Es decir, caminamos hacia políticas agrarias suicidas para el mundo y que pagarán, en primer término, tanto las personas consumidoras de bajo poder adquisitivo como la pequeña producción. Las de abajo, como siempre, las primeras en ser obligadas a saltar al precipicio. Un avance de la PAC implicaría relocalizar la cadena agroalimentaria, imponer límites al negocio de distribuidores de comida en favor de mercados locales, o promover escuelas o acompañamientos técnicos en los territorios para una transición agroecológica que fuera exigente en tema del cuidado de la biodiversidad y del agua, y que estuviera dispuesta a invertir en compra pública de alimentos sanos. Esto representaría una PAC, si no «buena», sí favorable a crear las condiciones de una agroecología desde abajo; es decir, de crear biorregiones alimentarias, con la pequeña producción en primera fila y con consejos alimentarios municipales que hagan real el derecho a una labor sostenible y a una nutrición saludable.

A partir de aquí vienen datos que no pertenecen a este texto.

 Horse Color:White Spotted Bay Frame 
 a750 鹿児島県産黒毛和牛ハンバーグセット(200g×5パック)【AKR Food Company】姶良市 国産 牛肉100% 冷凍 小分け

Al final, propones una suerte de revolución cultural que exige un cambio de valores: decolonizar nuestras mentes y recuperar saberes rurales e indígenas, desprendernos del consumismo, adoptar el decrecimiento. Cuéntame cómo tu labor como poeta y dinamizador cultural se ajusta a estos criterios.

Al comer físicamente alimentamos el cuerpo –lo que nos nutre –, el corazón – que es lo que nos identifica, lo que nos hace felices–, y también las neuronas: qué elegimos comer y cómo podemos hacerlo. Creo que sólo eligiendo de otra manera, amando nuestros entornos y contribuyendo al derecho a la nutrición podremos sostenernos integralmente. Comer es un acto complejo, también expresivo y emocional, por eso contiene formas de arte. Por otro lado, el arte es una alimentación directa del corazón, pero también es un elemento nutricional más: la gastronomía no puede ser la operación de calentar un plato en un microondas, no ha sido así en la historia, no nos hace felices que sea así. Comer es toda una artesanía que sostiene con alegría cuerpo, corazón, cabeza… Hay arte (sabores, colores, composiciones, nutriciones) en las formas de alimentarnos con conciencia de especie. Por eso, para mí el arte comprometido y la agroecología son dos caras de la misma moneda.

En el Festival de Ecopoesía, que organizamos cada otoño en el Valle del Jerte, recuerdo una vez un diálogo impresionante y hermanado entre poesía y agroecología. Nos colocamos bajo un castaño centenario, en la ruta de Casas del Castañar. Más de 700 años tiene esta maravilla viviente. Y allí fueron alternándose en intervenciones una persona poeta y una agricultora: la primera cantaba a la naturaleza o a su experiencia en ella y nos decolonizaba la visión productivista; la segunda nos recreaba en su mirada abierta, espiritual incluso, lo que es el monte, el agua, la finca, el fruto o la poda. Con todo ello aterrizaba un arte comprometido con el mundo. Dos saberes, no modernos, por cierto, dándose la mano. ¡Qué belleza de mañana aquélla!

Y en eso estamos, en repetir esas situaciones que entrecruzan constantemente ecopoesía y agroecología. Hay que hacer que el sostenimiento de cuerpos y lazos sociales sea integral, sea alegre y vivible, desde una estética que nos haga soñar, y desde una ética que incluya a otras personas y a otras especies. Para ello, no queda otra que darle a la vez a la azada y a la poesía.